What is Wrong with Our Renewable Energy?

A warning based on the recent struggles of solar panel enterprises in China

Anonymous Author

Solar panel enterprises are struggling? We all know that China has become a dominant player in the solar panel industry in recent years, and Chinese people are so proud of their tremendous efforts put into sustainable solar energy. I am one of those people. I even praised Suntech, located in my hometown of Wuxi in Jiangsu Province, in my college applications. However, as is always the case, when companies in China all flood into an industry, supported by government policy and funding, this so-called sustainable industry is becoming unsustainable, and figuring out how to save it has become urgent.

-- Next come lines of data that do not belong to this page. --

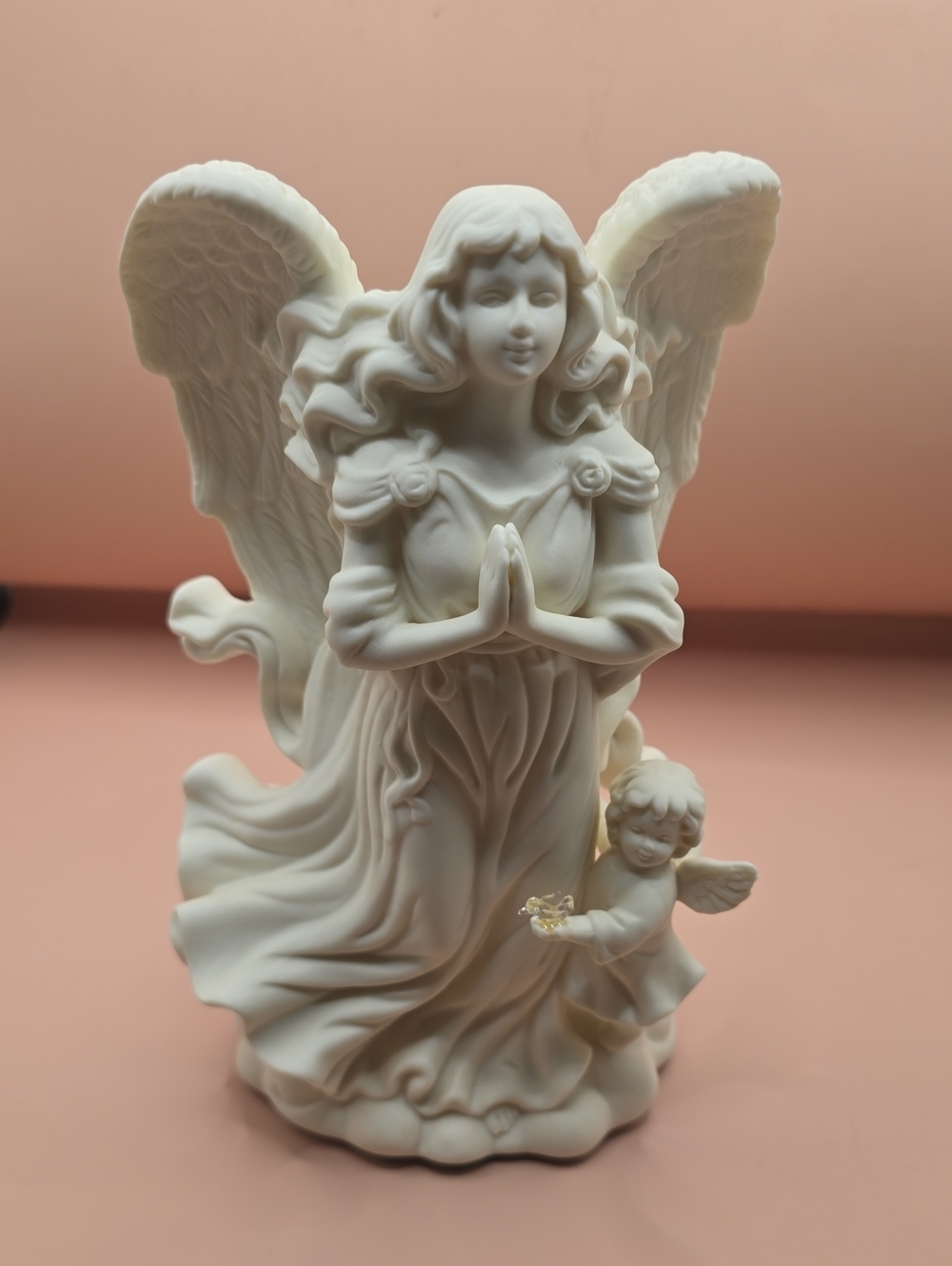 Party Lite Angel Of Hope Candle Holder P7638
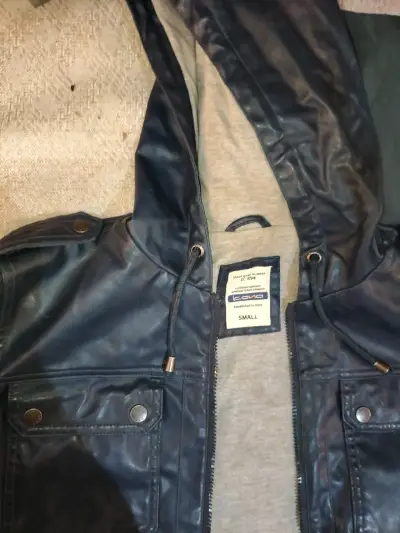 Chaqueta de cuero sintético azul con capucha - miniatura 1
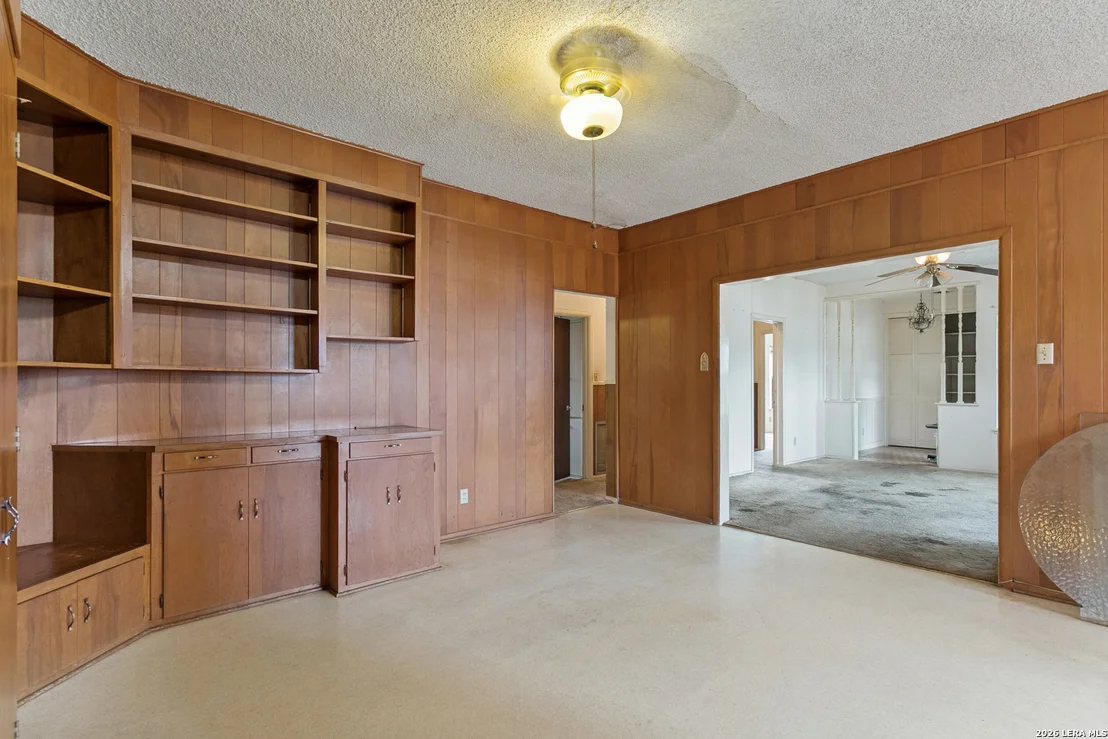 Photo of 12703 MIDDLE LN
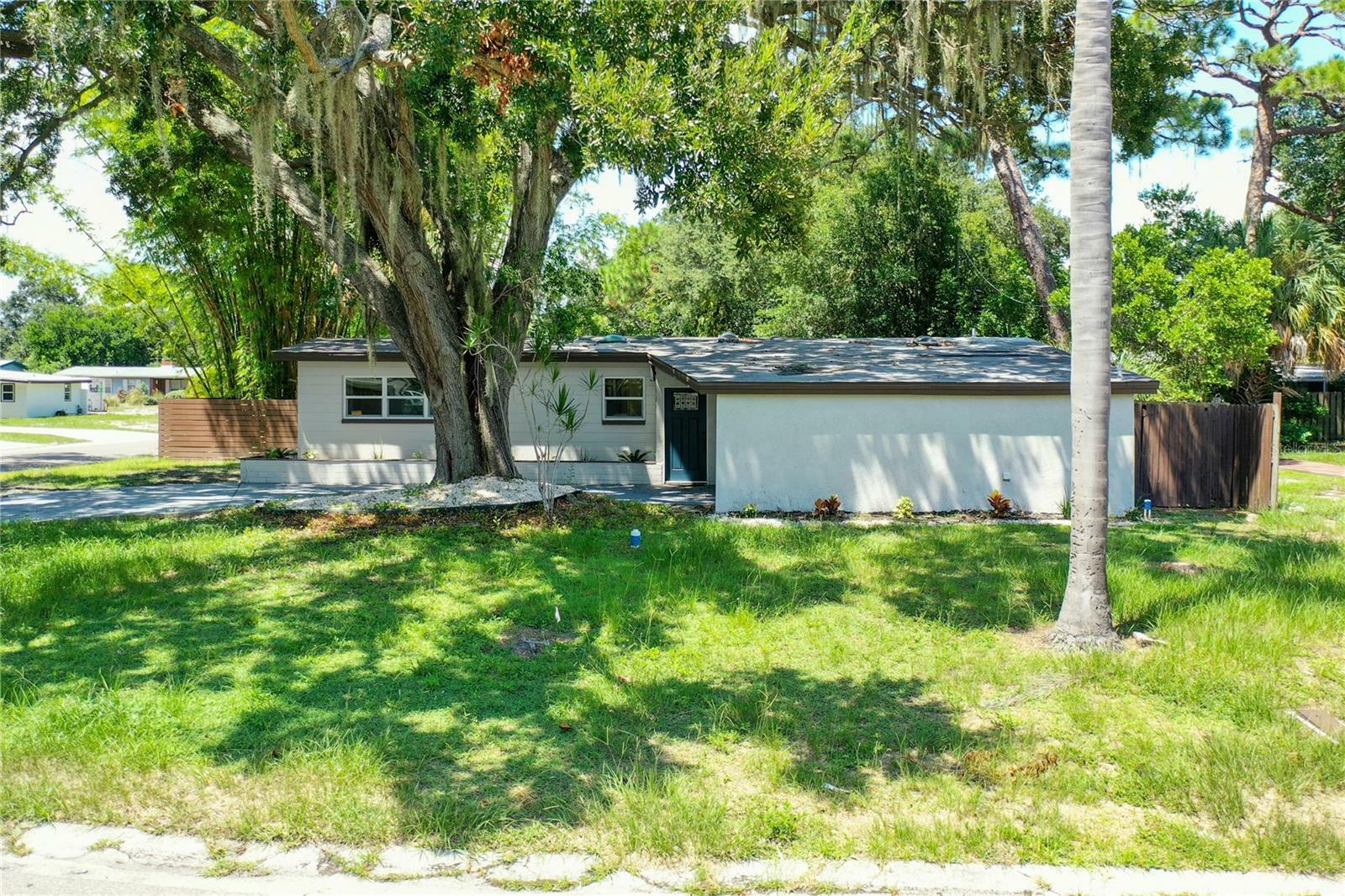 Property Photo:  749 61st Avenue S  FL 33705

China’s solar panel industry is overcrowded! According to a recent New York Times article, while in this year the demand for solar panels is merely 4 to 5 gigawatts domestically, plus 18 to 19 gigawatts for export, Chinese companies have the ability to supply 50 gigawatts of solar panels. These statistics are astonishing—the supply of solar panels is double the demand! No doubt there is a fierce price war going on, and manufactures worldwide are suffering severely in this competition.

That is only one part of the story. The Chinese government has almost ultimate control over its economy. In the field of solar panels, it is facing frustration. Presently, state-owned banks make loans to solar panel enterprises, while local and provincial governments subsidize the solar sector. I am not disagreeing with the government’s support of this industry. Of course, to development sustainably, renewable energy is on the right track. Nevertheless, this supportive movement can lead to increasing supply, which will further widen the gap between demand and supply.

Now, an important question lies in how to make the industry run more economically. Keith Bradsher, the author of the New York Times piece, mentioned the solution offered by Lin Junfeng (a longtime director general at the National Development and Reform Commission)—just leave the industry to work it out on its own. I am skeptical about this approach. Firstly, if banks cut off loans to small businesses exclusively, this would lead to monopoly. We often link monopoly to a bad phenomenon because they block free access into the market and are hard to break up. This would also result in limitation of consumers’ choices. Secondly, if banks and local governments only support the strongest solar panel companies, they would easily fall into corruption. Most importantly, if they let the rest go bankrupt, what would happen to the workers at these firms?

So, in order to make renewable energy economically sustainable, the whole society can help. First, producers should study supply and demand curves! Sometimes it is better to cut the production and wait for the price to rise. At the same time, the companies can research on how to lower the cost of solar panels. Secondly, the local governments cannot support these producers infinitely. Instead, they should support research in this field. This kind of support can be selective, and require quarterly or annual feedbacks to keep track of how research institutes conduct their research and how they use supportive money. Second, on the other side, why not support industrial users of solar panels? The third group is the state-owned banks. When issuing loans, they should be more cautious and not merely loan to the strongest companies. They should look into how the small companies function and whether they are promising. Last but not least, as individual consumers, we should support solar energy ourselves. We should use solar battery chargers and solar heaters. It is our responsibility to help our earth be clean and sustainable.